- **INSTRUCTIONS FOR THE TASK**:
Your task is to retype, exactly and without pictures, the line holding "Submit a safety" and each line that follows it to the end of the entries.

- **RECORDS TO PROCESS**:
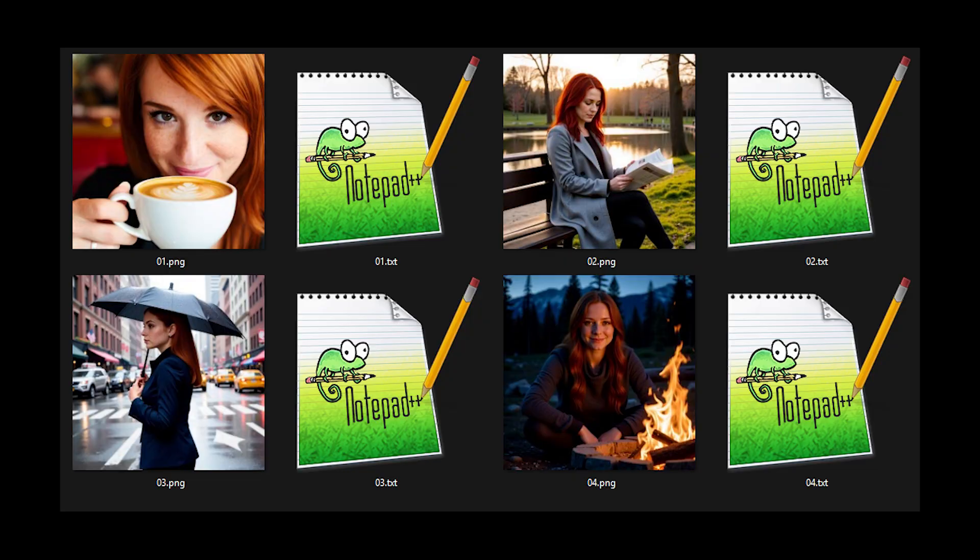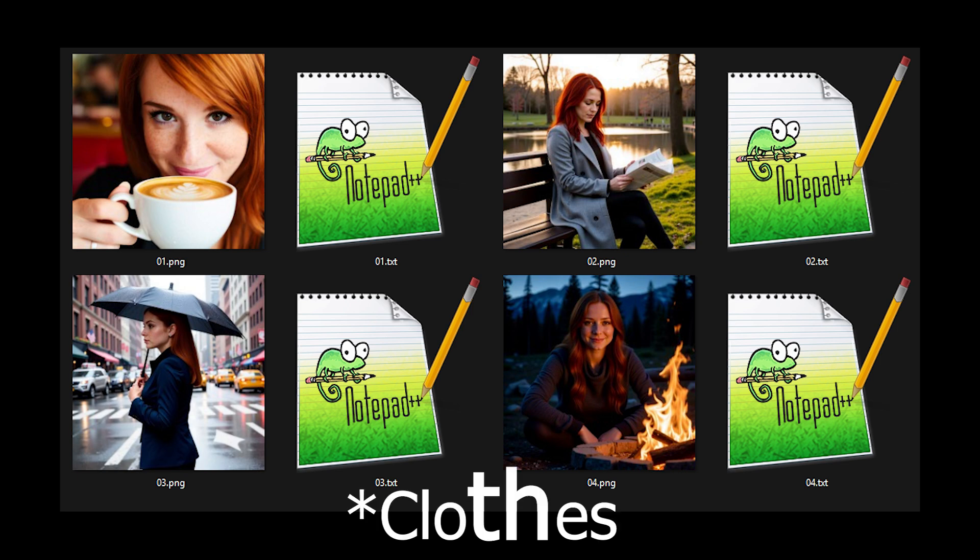The most important part though is the image quality, captioning and variety. Notice how these images all have different shot sizes, surroundings and lighting. Also she is wearing different clothes.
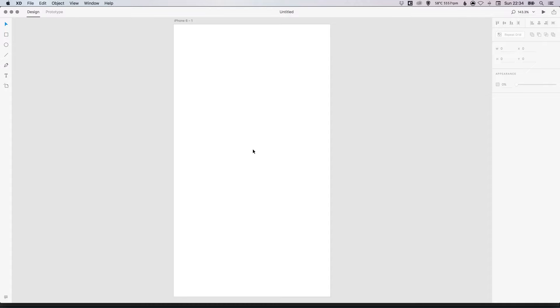So to start with, I've created a new artboard. I've created an iPhone 6 size artboard. Yours can be the same or it can be any artboard that you like. That's absolutely fine.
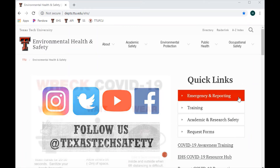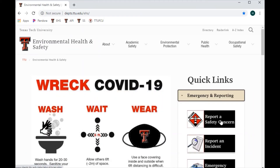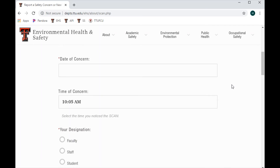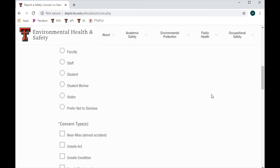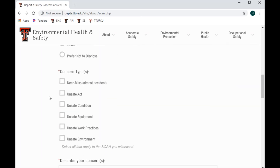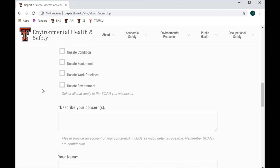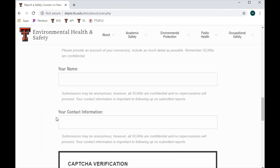Submit a safety concern and near miss report. Go to the EHS website, click on Emergency and Reporting, and select Report a Safety Concern to complete the form. You can fill it out with location, date, time, your designation, and the concern type. Note that for a spill you would not mark near miss. You can always submit anonymously, but your identity will always be protected, so feel free to submit your name.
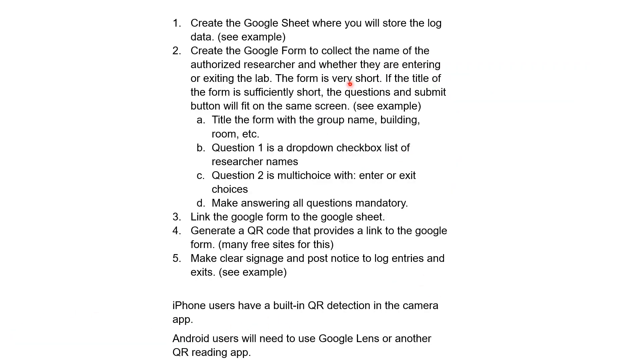So that's it. These are the five steps for making an entry and exit log for your lab, and I hope it was helpful.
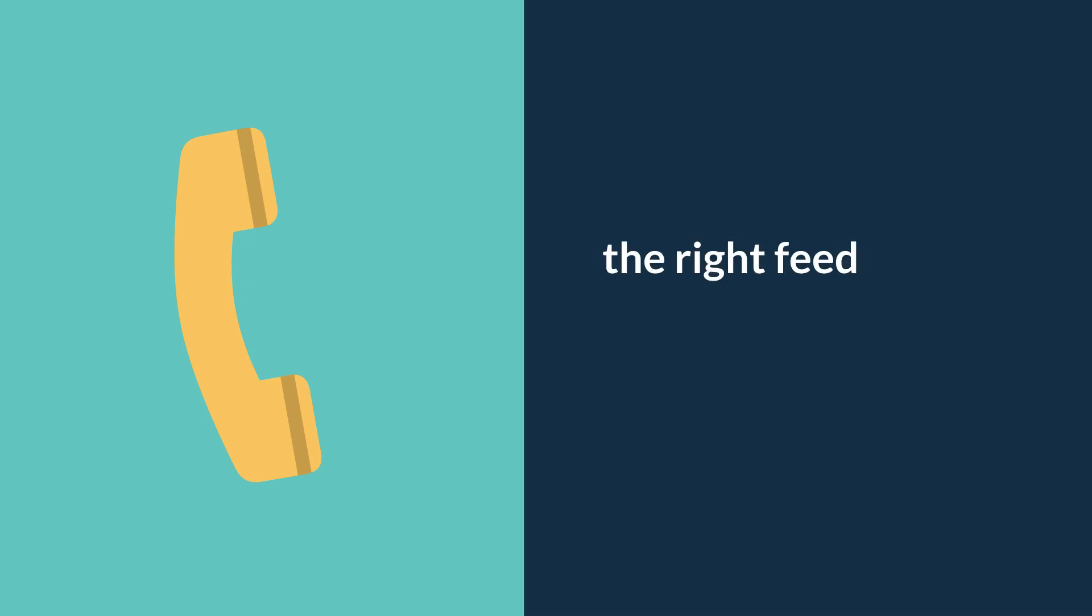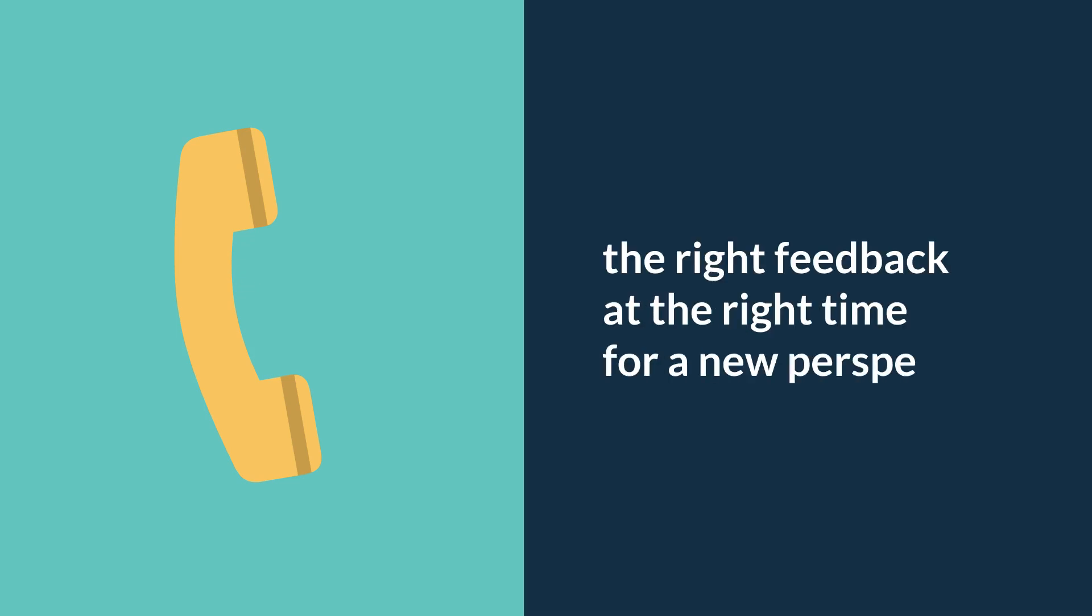Feedback helps us get out of our own heads because, let's face it, we spend a lot of time there and the right feedback at the right time can help you get a new perspective on the problem.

- **SOLUTION TO THIS EXERCISE**:
Submit a safety concern and near miss report. Go to the EHS website, click on Emergency and Reporting, and select Report a Safety Concern to complete the form. You can fill it out with location, date, time, your designation, and the concern type. Note that for a spill you would not mark near miss. You can always submit anonymously, but your identity will always be protected, so feel free to submit your name.
So that's it. These are the five steps for making an entry and exit log for your lab, and I hope it was helpful.
Feedback helps us get out of our own heads because, let's face it, we spend a lot of time there and the right feedback at the right time can help you get a new perspective on the problem.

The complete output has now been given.